Dahme-Spreewald
Parteiloser wird neuer Landrat – AfD ist Verlierer
Kein Herzschlagfinale, sondern eine klare Sache: Der parteilose Kandidat hat den Landratsposten in Dahme-Spreewald mit deutlichem Vorsprung vor dem AfD-Bewerber gewonnen. Der Sieger hat viel vor, der Verlierer schaut auf die nächste Wahl. Und eine Forscherin warnt.

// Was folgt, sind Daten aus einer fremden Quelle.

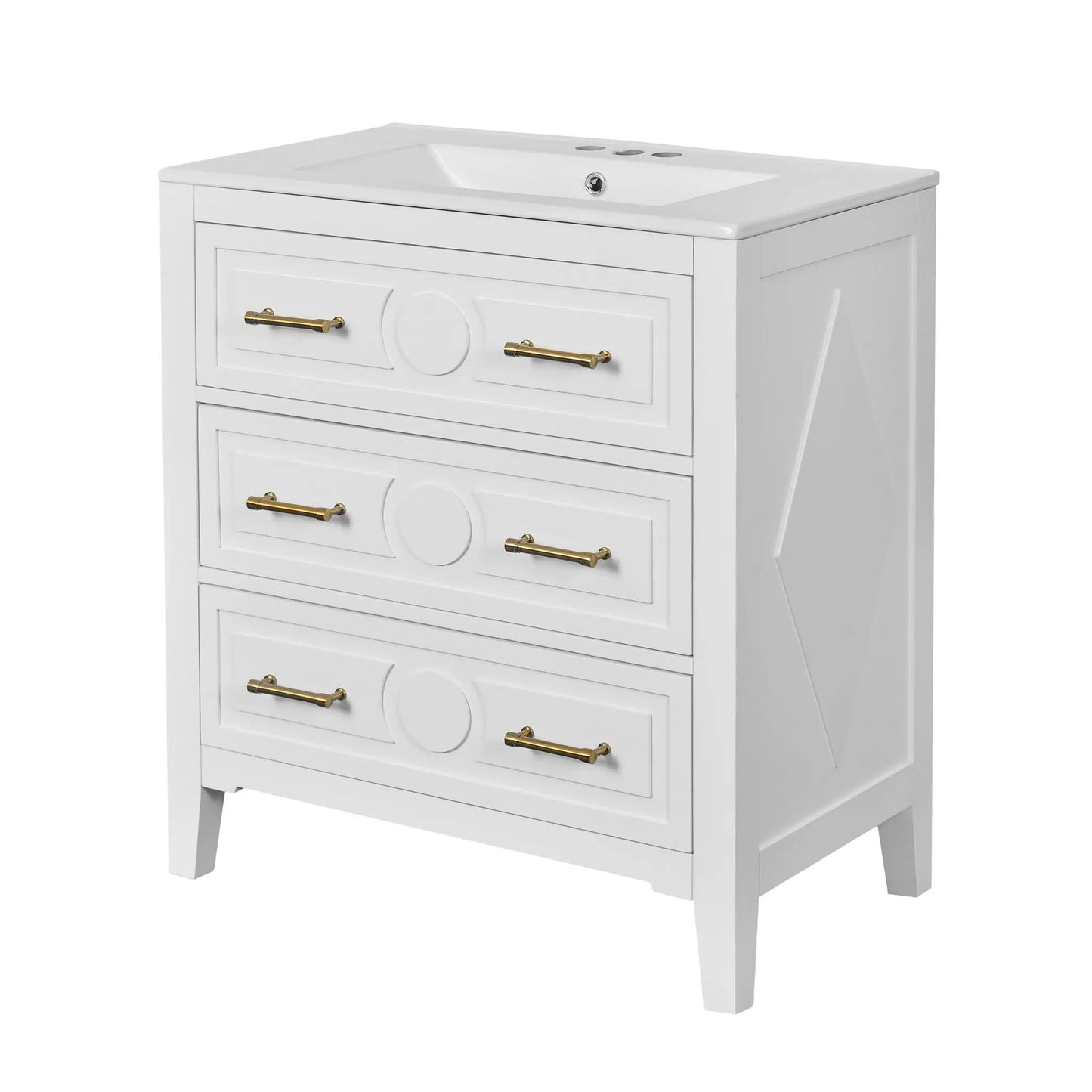 Retro white vanity with integrated sink, freestanding 3-drawer unit, brass hardware on Tampa Home & Garden Store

Montag, 13.11.2023, 19:00 Uhr|zuletzt aktualisiert: Montag, 20.11.2023, 11:21 Uhr Lesedauer: 3 Minuten |
Nach der Wahl des parteilosen Kandidaten Sven Herzberger zum künftigen Landrat im Kreis Dahme-Spreewald rechnet der Landkreistag mit einer guten Zusammenarbeit. Der Vorsitzende des Landkreistags, Siegurd Heinze, wünschte Herzberger am Montag Erfolg und Weitsicht. „Wir sind zuversichtlich, dass die Zusammenarbeit konstruktiv und zielführend sein wird, zum Wohle der Bürgerinnen und Bürger des Landkreises und des Landes Brandenburg“, sagte Heinze, der Landrat des Nachbarkreises Oberspreewald-Lausitz ist.

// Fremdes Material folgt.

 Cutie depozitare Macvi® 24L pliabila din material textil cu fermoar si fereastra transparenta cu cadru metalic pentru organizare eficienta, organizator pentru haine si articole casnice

Der parteilose Einzelbewerber und Zeuthener Bürgermeister Herzberger erhielt bei der Stichwahl am Sonntag nach dem vorläufigen Ergebnis 64,8 Prozent der abgegebenen Stimmen. Der 54-Jährige wurde bei der Stichwahl von allen Parteien außer der AfD unterstützt. Der AfD-Kandidat und Bundestagsabgeordnete Steffen Kotré kam auf 35,2 Prozent. Die Wahlbeteiligung lag bei 47,9 Prozent und war damit fast so hoch wie im ersten Wahlgang mit 50,8 Prozent.
Herzberger bekam vor allem nahe Berlin viele Wählerstimmen, Kotré kam im Amt Unterspreewald mit 46,8 Prozent auf seinen höchsten Wert. Bei der Briefwahl war Herzberger deutlich stärker, lag aber auch in der Urnenwahl vorn.
AfD-Kandidat schaut schon auf die Kommunalwahl
Die AfD hat mit der Niederlage ihres Bewerbers das Ziel eines bundesweit zweiten Landratspostens zwar verpasst. Kandidat Steffen Kotré hat aber bereits die Kommunalwahl im kommenden Jahr im Blick. „Wir werden jetzt unsere Kandidaten mobilisieren und mit doppelter Stärke im Vergleich zu 2019 in den Vertretungen sein. Der Trend spricht für die AfD“, zeigte sich der Bundestagsabgeordnete überzeugt. Der Brandenburger Verfassungsschutz stuft den AfD-Landesverband seit 2020 als rechtsextremistischen Verdachtsfall ein.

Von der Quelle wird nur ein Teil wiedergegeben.